Leeds Beckett student creates AI tool that predicts damp and mould in homes
Gulala Aziz’s tool has been trained using over 2,000 home inspection reports in England
A Leeds Beckett student has created an artificial intelligence (AI) tool that can predict damp and mould in homes.
Gulala Aziz, a PhD student at the university’s sustainability institute, has developed the tool to support housing providers in managing damp and mould in properties.
Gulala’s tool is designed to predict which homes will be more likely to develop mould, meaning homes which may need more frequent inspections can be flagged to prevent risk to tenants, Housing Digital reports.
Created using “machine learning with explainable AI”, the tool has been trained using over 2,000 home inspection reports across 125 local authorities in England.
After the death of two-year-old Awaab Ishak from a respiratory condition caused by prolonged exposure to damp and mould in his social housing flat, Awaab’s law was introduced, bringing the impact of poor air quality in homes under increasing scrutiny.
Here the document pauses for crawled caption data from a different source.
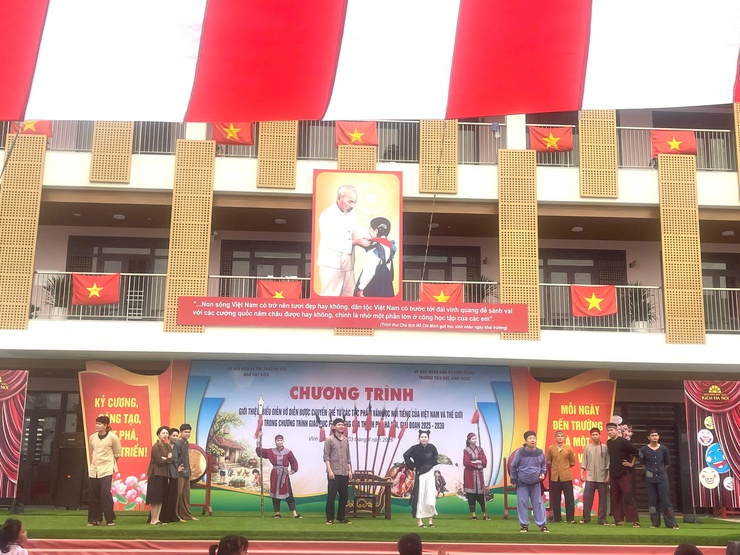 Sân khấu hóa tác phẩm văn học: Học sinh Trường Tiểu học Vĩnh Ngọc hào hứng trải nghiệm nghệ thuật- Ảnh 6.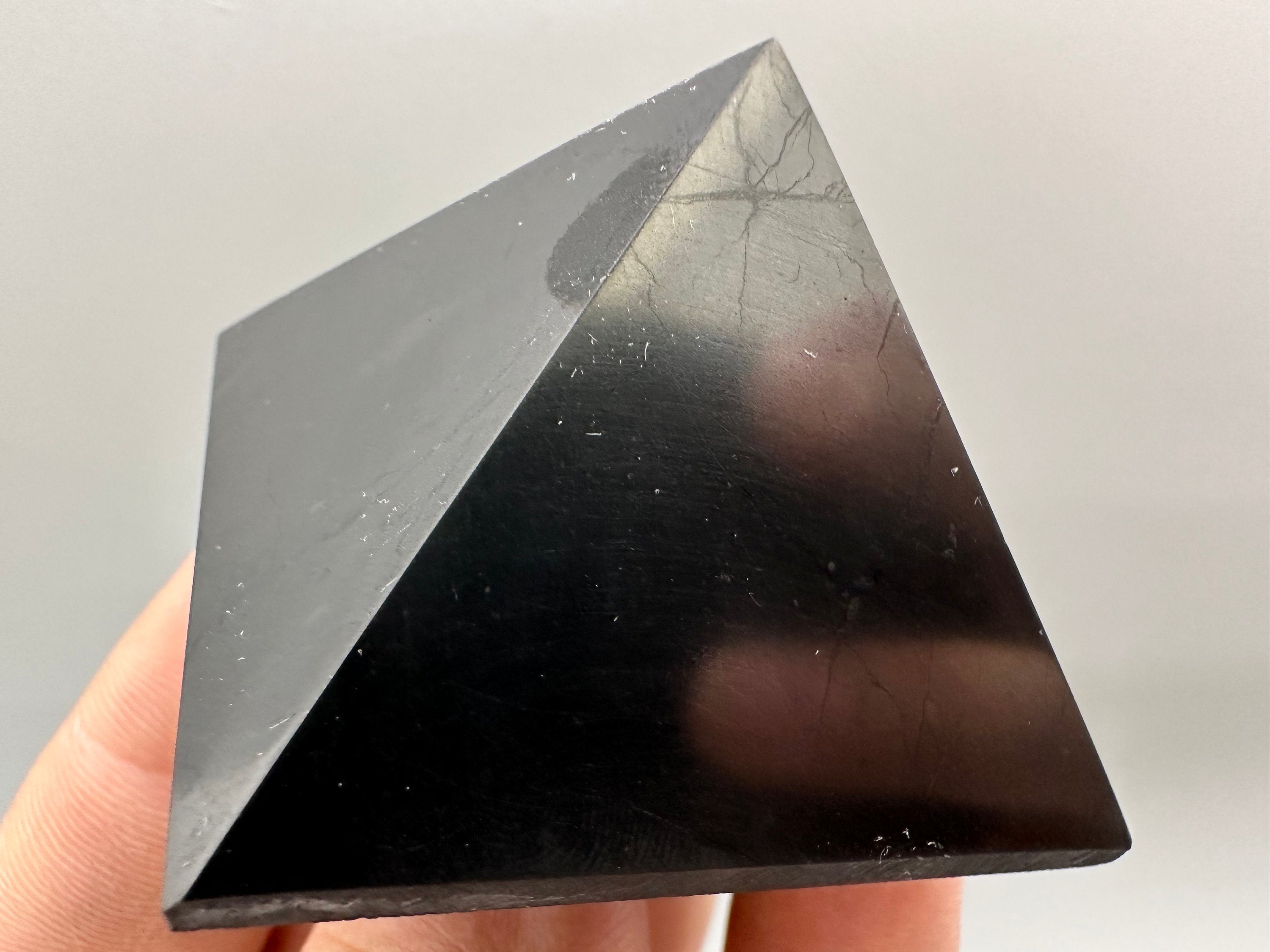Shungite Crystal Pyramid: EMF & 5G Protection, Healing Stone (5/5/4cm)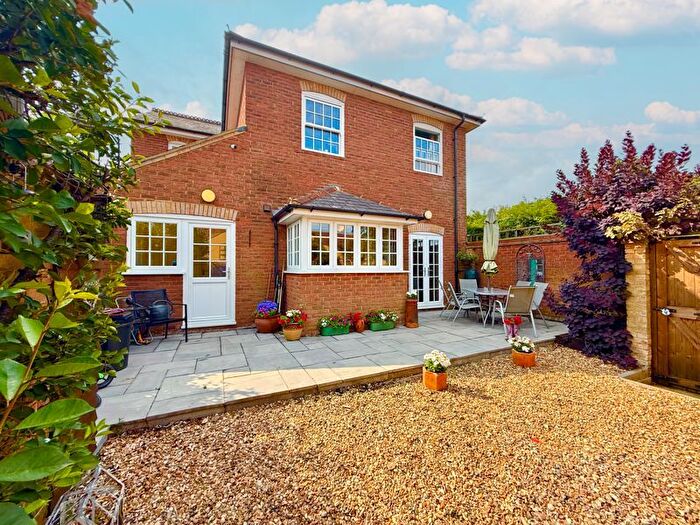 4 Bedroom Detached House For Sale In Chapel Square, Stewkley, LU7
The law forces social landlords to investigate and fix dangerous damp and mould in set time periods, and repair all emergency hazards within 24 hours.
Awaab’s death was one of 204,000 annual deaths linked to poor air quality in homes, with increasing levels of risk seen amongst vulnerable groups.
Gulala’s tool assesses a property’s features to evaluate its risk, including wall insulation, heating costs and energy efficiency.
After three years in development, the AI model’s checks have been finalised. This work represents the first peer-reviewed application of AI on damp and mould risk, and is featured in a Nature Scientific report.
Speaking about the research that went into development, Gulala said: “Housing associations and local authorities are subject to increasing requirements and scrutiny – and this research can help then to take swifter, more effective action.”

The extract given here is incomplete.